The architecture may support several varieties of endpoint objects, and each variety of endpoint object may be instantiated multiple times. As an example, there may be an endpoint object relating to a user's personal Internet service provider account (e.g., MSN.COM) and another endpoint object relating to the user's corporate Internet account (e.g., MICROSOFT.COM). The user may be logged in to service providers using the personal account on multiple devices (e.g., a handheld computing device and a desktop computing device) and may also be logged in using the corporate account on some of the devices (e.g., the desktop computing device). Thus, there may be two instances relating to the URI associated with the personal account. Individual instances of endpoint objects may then be uniquely identified by a combination of a uniform resource locator (“URI”) and an endpoint identifier (“EID”). As an example, an endpoint object may be identified by the URI user@MSN.COM and by the EID “1234.” As previously described, the EID may be used to particularly distinguish an instance of an endpoint object from another instance of an endpoint object that is associated with the same URI.
An endpoint object may provide a “data” interface and a “signaling” interface. The data interface may include methods, events, and properties relating to data that is published or subscribed to by the endpoint object. By publishing or subscribing to data, an application may provide data or be notified of changes to data. The signaling interface may provide methods, events, and properties relating to controlling signaling of the endpoint object. As examples, signaling characteristics may include creating or joining sessions, entering or leaving conversations, accepting or declining invitations, and other signals.
The illustrated endpoint object 200 comprises a profile component 201, publishing and subscribing component 202, signaling component 204, and protocol stack component 206.
The profile component may provide an abstraction of a user through an API. It maintains service-related information for the user, such as an electronic address (e.g., URI), credentials used for the service provider, the service provider's status, capability, and policies. Users may have multiple profiles in relation to different service providers. The user could also have more than one profile per service provider. The profile component may be used when creating sessions with other users, e.g., to provide the user's URI. The profile component may provide methods to log on or off a user in relation to a service provider.
The publishing/subscribing component provides interfaces to track presence and availability information relating to users. Presence information relates to whether a user is present at a particular computing device.

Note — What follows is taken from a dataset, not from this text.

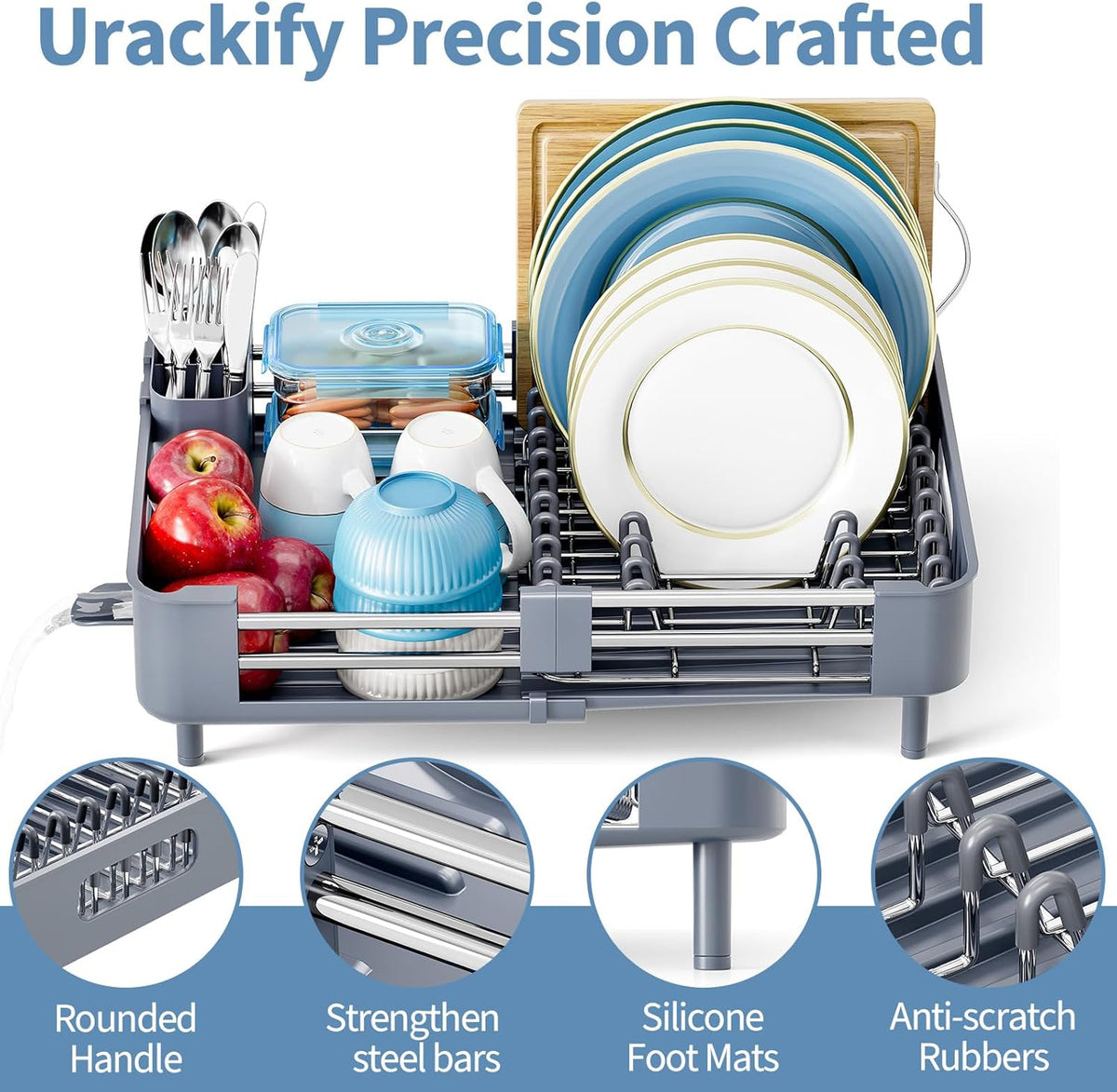 Stainless Steel Dish Drying Rack - Dish Drainer for Kitchen Counter, Extendable Drainboard with Foldable, Space-Saving Cup & Bowl Organizer, Includes Knife and Utensil Holder, Gray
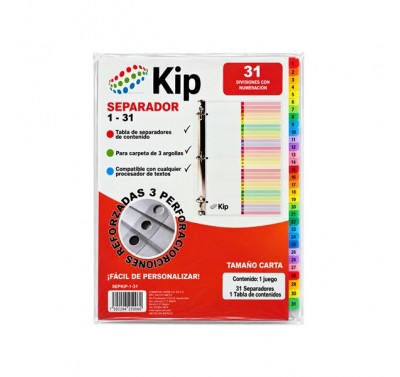 Separador Kip 1-31 divisiones (sepkip-1-31)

Availability information relates to whether the present user is available to receive a message or willing to do so. As an example, a user of a cellular telephone may be present when the cellular telephone is turned on, but may be unavailable for a messaging session when the user is participating in a phone call. Similarly, a user who has set a “busy” indication in MICROSOFT WINDOWS MESSENGER may be present but unavailable for messaging.
As further examples, the presence object may provide information relating to a user who is present and available to participate in a MICROSOFT WINDOWS MESSENGER conversation using a computing device and is also available to participate in a teleconference using a cellular telephone. When the user is no longer logged into MICROSOFT WINDOWS MESSENGER, the presence object may update this information so that an application using the presence object is able to determine that the user is no longer present or available to participate in the MICROSOFT WINDOWS MESSENGER conversation. Thus, presence information indicates whether users or other objects are present. Various service providers or protocols may use different mechanisms to produce or provide presence information. So that an application developer does not need to be aware of the multiple ways of producing or providing presence information, an application developer may use the endpoint object to produce or use presence information.
The publishing/subscribing component provides a subscribe interface to create a subscription to another object's publication, a publish interface to provide subscriptions to other objects, and a notify interface to receive notifications relating to services whose publications have been subscribed to. These interfaces enable an application to use the component to provide, receive, or track presence information. As an example, when a user participates in a MICROSOFT WINDOWS MESSENGER conversation using a personal computer and participates in a teleconference using a cellular telephone, the publishing/subscribing component may detect and report the user's presence at both locations. A URI and EID may together uniquely identify instances of endpoint objects. Because a user may be present at multiple locations simultaneously, the user's URI may be indicated as present at these multiple locations. The addition of an EID in relation to a given URI provides a mechanism to uniquely identify a particular instance of presence.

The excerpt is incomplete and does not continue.